**ACTIVITY**. Would you reproduce exactly the lines below from the one holding "18K Gold Vermeil Audi-Inspired Band Ring" through the one holding "Comic Book Bouffant", inclusive, and no others?

**DATA SUPPLIED**.
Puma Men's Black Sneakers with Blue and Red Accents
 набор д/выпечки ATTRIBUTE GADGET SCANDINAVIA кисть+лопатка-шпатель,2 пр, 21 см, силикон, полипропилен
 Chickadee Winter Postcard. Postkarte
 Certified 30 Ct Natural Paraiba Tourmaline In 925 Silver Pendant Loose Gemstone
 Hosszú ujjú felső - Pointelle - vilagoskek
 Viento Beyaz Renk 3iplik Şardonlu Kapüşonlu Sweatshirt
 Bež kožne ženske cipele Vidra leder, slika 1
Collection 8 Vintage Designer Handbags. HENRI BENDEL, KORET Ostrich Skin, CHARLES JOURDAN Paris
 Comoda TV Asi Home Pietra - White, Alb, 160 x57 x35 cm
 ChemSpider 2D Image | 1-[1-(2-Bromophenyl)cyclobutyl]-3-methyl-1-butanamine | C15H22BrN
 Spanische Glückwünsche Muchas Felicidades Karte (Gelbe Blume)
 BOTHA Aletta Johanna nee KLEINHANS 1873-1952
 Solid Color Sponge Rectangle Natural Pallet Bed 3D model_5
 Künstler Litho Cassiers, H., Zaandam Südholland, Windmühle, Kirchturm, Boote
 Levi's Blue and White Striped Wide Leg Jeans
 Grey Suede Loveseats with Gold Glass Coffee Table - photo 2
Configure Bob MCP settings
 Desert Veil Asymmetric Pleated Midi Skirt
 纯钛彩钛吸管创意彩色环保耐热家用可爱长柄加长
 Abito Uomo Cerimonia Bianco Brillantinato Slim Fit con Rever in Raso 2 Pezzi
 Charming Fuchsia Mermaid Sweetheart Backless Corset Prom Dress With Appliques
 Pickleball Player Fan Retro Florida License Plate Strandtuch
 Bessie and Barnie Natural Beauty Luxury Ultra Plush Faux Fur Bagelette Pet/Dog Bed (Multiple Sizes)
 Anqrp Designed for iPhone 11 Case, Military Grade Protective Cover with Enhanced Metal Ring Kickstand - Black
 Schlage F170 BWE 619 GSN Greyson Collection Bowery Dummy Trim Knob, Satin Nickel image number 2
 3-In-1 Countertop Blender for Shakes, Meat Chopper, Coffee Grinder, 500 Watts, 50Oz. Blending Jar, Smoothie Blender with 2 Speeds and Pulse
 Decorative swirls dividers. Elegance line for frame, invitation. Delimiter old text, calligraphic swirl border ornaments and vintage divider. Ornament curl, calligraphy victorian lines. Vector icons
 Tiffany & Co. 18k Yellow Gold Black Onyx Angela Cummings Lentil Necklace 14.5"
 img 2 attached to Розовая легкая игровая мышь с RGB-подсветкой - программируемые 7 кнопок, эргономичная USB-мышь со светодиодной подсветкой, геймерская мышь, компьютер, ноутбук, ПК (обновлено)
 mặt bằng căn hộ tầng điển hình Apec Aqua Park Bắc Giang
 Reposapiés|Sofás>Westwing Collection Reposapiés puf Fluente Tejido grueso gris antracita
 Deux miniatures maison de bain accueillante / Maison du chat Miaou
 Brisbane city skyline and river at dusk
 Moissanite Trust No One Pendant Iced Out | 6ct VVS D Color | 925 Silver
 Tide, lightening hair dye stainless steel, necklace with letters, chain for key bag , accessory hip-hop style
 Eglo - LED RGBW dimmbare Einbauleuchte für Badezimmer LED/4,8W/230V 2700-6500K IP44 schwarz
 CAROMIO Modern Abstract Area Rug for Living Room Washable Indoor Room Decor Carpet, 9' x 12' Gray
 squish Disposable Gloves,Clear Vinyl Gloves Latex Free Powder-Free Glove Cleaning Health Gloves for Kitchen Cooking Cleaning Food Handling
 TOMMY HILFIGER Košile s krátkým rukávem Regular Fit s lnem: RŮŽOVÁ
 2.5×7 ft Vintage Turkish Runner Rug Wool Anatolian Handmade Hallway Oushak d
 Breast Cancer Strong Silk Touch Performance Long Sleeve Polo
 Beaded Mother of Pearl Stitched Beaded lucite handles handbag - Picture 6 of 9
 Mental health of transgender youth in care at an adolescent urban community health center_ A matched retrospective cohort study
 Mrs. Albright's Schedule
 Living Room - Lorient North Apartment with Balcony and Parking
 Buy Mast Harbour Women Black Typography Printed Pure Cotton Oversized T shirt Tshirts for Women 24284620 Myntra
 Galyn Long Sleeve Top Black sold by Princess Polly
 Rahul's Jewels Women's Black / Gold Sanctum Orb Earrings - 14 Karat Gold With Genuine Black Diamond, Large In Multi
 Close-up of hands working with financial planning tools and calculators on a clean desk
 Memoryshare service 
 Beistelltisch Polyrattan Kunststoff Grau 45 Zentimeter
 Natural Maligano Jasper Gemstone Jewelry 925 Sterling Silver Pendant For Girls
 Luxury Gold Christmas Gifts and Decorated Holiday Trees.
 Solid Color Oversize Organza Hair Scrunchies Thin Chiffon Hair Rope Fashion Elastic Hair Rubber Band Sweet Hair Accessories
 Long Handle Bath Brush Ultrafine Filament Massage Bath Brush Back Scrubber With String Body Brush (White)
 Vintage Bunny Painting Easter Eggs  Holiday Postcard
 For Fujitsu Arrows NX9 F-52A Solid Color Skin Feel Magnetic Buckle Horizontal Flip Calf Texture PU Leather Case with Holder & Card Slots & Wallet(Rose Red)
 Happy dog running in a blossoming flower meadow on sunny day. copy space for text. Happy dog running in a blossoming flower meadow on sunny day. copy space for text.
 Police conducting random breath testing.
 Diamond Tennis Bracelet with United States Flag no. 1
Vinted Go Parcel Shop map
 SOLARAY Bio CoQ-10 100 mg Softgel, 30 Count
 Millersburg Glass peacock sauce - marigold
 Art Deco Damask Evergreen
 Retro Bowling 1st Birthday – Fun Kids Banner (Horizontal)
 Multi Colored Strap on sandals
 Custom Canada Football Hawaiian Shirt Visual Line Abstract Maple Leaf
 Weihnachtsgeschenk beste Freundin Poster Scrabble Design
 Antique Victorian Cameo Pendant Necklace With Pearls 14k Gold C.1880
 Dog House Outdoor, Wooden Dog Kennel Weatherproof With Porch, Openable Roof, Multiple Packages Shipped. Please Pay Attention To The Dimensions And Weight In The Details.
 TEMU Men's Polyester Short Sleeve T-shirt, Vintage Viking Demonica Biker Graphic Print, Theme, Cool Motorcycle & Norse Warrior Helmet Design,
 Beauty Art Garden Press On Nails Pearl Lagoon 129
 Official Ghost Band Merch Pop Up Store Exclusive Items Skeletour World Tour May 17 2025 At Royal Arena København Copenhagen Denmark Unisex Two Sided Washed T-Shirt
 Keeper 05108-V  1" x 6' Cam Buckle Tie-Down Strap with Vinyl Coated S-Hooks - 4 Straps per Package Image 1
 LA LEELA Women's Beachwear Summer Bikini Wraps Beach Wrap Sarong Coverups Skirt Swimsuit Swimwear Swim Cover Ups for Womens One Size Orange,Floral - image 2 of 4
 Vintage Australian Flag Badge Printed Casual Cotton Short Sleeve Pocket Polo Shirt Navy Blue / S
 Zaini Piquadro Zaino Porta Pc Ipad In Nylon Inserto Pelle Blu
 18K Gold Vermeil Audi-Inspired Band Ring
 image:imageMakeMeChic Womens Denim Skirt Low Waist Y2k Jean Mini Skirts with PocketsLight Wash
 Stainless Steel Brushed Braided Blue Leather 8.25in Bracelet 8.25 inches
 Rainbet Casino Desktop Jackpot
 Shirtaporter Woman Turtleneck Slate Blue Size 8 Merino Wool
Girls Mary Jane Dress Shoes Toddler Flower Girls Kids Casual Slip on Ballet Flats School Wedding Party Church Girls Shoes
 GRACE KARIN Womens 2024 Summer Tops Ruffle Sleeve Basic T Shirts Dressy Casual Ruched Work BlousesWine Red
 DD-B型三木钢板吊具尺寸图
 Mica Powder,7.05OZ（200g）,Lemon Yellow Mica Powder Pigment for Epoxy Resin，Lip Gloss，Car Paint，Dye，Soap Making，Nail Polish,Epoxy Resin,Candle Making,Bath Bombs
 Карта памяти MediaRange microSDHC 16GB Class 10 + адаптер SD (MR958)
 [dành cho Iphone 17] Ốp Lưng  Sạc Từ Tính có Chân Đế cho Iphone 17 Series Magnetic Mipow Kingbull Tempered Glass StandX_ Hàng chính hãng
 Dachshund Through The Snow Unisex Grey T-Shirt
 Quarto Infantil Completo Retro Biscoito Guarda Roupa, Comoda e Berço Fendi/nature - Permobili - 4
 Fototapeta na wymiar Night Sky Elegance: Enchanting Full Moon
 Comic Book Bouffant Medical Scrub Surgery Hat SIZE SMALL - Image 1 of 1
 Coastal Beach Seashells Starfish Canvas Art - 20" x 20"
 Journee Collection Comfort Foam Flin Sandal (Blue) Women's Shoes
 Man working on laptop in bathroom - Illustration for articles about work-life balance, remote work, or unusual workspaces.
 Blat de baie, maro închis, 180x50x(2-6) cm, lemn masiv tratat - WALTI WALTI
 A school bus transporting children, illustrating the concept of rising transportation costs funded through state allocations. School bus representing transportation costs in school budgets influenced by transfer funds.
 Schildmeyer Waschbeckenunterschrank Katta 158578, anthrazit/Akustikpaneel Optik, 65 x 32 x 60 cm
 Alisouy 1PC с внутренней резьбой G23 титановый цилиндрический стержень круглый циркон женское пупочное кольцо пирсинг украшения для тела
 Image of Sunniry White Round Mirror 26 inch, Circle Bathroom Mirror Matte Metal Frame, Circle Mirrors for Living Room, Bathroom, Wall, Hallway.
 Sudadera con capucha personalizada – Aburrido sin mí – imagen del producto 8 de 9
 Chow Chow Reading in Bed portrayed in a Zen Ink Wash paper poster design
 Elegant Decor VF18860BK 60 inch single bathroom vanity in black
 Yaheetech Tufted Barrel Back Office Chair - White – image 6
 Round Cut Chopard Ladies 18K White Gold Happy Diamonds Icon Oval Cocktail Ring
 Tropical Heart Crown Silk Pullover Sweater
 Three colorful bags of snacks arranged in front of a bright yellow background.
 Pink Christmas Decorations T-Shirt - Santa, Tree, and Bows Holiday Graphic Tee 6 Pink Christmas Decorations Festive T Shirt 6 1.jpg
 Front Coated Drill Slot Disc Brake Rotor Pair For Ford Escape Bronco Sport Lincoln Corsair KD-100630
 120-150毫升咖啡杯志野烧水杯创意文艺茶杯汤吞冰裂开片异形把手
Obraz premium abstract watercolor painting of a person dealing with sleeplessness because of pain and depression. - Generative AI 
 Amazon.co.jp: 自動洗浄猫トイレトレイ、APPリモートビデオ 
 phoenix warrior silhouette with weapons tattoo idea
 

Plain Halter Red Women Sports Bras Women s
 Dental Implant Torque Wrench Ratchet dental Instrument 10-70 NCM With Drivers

**RESPONSE TO THIS EXERCISE**.
 18K Gold Vermeil Audi-Inspired Band Ring
 image:imageMakeMeChic Womens Denim Skirt Low Waist Y2k Jean Mini Skirts with PocketsLight Wash
 Stainless Steel Brushed Braided Blue Leather 8.25in Bracelet 8.25 inches
 Rainbet Casino Desktop Jackpot
 Shirtaporter Woman Turtleneck Slate Blue Size 8 Merino Wool
Girls Mary Jane Dress Shoes Toddler Flower Girls Kids Casual Slip on Ballet Flats School Wedding Party Church Girls Shoes
 GRACE KARIN Womens 2024 Summer Tops Ruffle Sleeve Basic T Shirts Dressy Casual Ruched Work BlousesWine Red
 DD-B型三木钢板吊具尺寸图
 Mica Powder,7.05OZ（200g）,Lemon Yellow Mica Powder Pigment for Epoxy Resin，Lip Gloss，Car Paint，Dye，Soap Making，Nail Polish,Epoxy Resin,Candle Making,Bath Bombs
 Карта памяти MediaRange microSDHC 16GB Class 10 + адаптер SD (MR958)
 [dành cho Iphone 17] Ốp Lưng  Sạc Từ Tính có Chân Đế cho Iphone 17 Series Magnetic Mipow Kingbull Tempered Glass StandX_ Hàng chính hãng
 Dachshund Through The Snow Unisex Grey T-Shirt
 Quarto Infantil Completo Retro Biscoito Guarda Roupa, Comoda e Berço Fendi/nature - Permobili - 4
 Fototapeta na wymiar Night Sky Elegance: Enchanting Full Moon
 Comic Book Bouffant Medical Scrub Surgery Hat SIZE SMALL - Image 1 of 1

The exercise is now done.